TASK TO COMPLETE: In the records below, find the line containing "BETELGEUSE LIMITED (United" and repeat it and every line after it exactly, without pictures.

(DATA FOR REVIEW Opens)

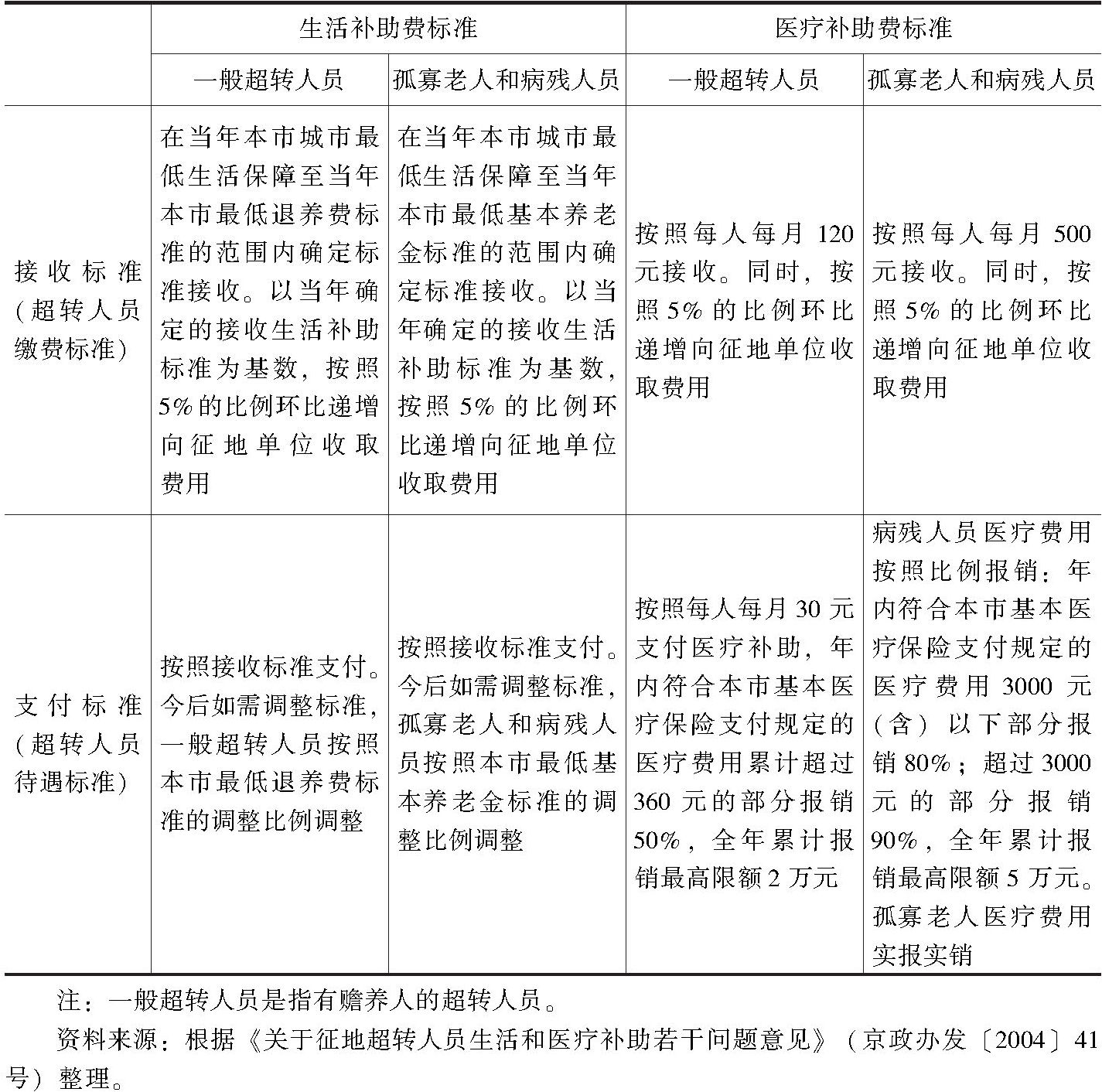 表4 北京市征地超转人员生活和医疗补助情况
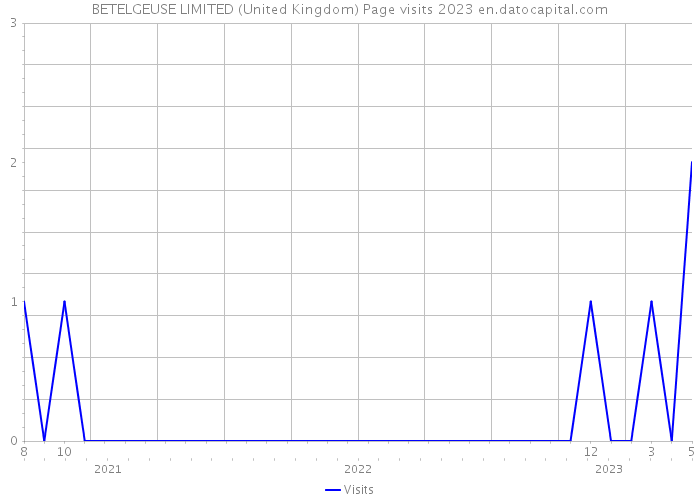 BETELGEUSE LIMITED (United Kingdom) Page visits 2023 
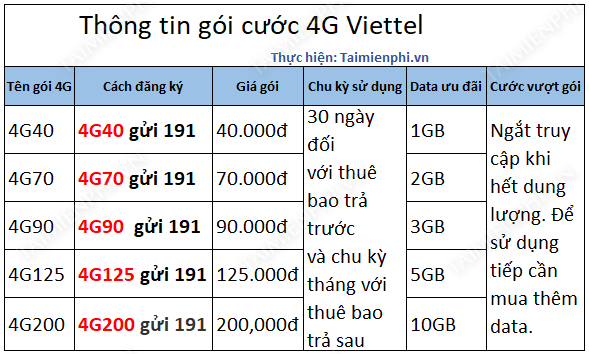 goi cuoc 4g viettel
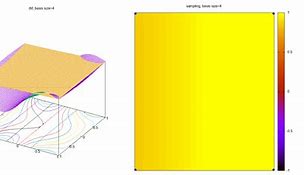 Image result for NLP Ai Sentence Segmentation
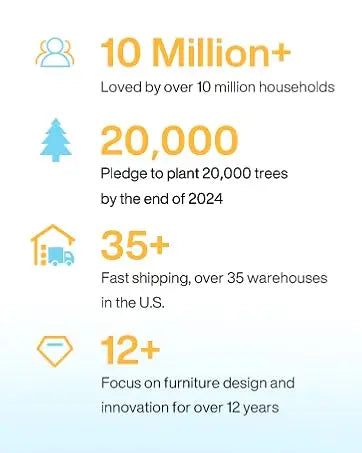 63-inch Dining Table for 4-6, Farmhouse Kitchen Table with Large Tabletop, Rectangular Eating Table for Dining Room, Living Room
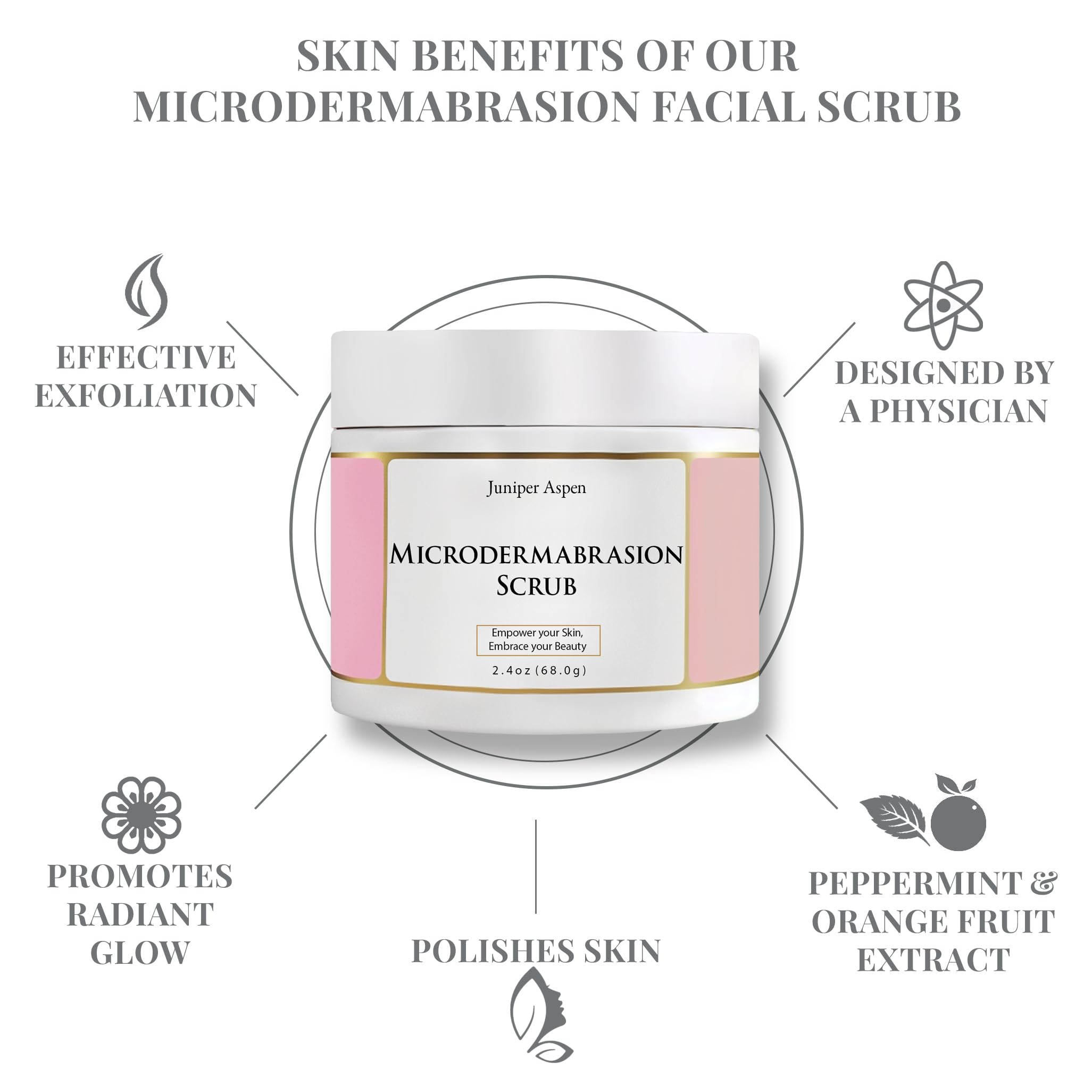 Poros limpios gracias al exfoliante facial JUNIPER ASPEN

(DATA FOR REVIEW Closes)

EXERCISE RESPONSE:
 BETELGEUSE LIMITED (United Kingdom) Page visits 2023 
 goi cuoc 4g viettel
 Image result for NLP Ai Sentence Segmentation
 63-inch Dining Table for 4-6, Farmhouse Kitchen Table with Large Tabletop, Rectangular Eating Table for Dining Room, Living Room
 Poros limpios gracias al exfoliante facial JUNIPER ASPEN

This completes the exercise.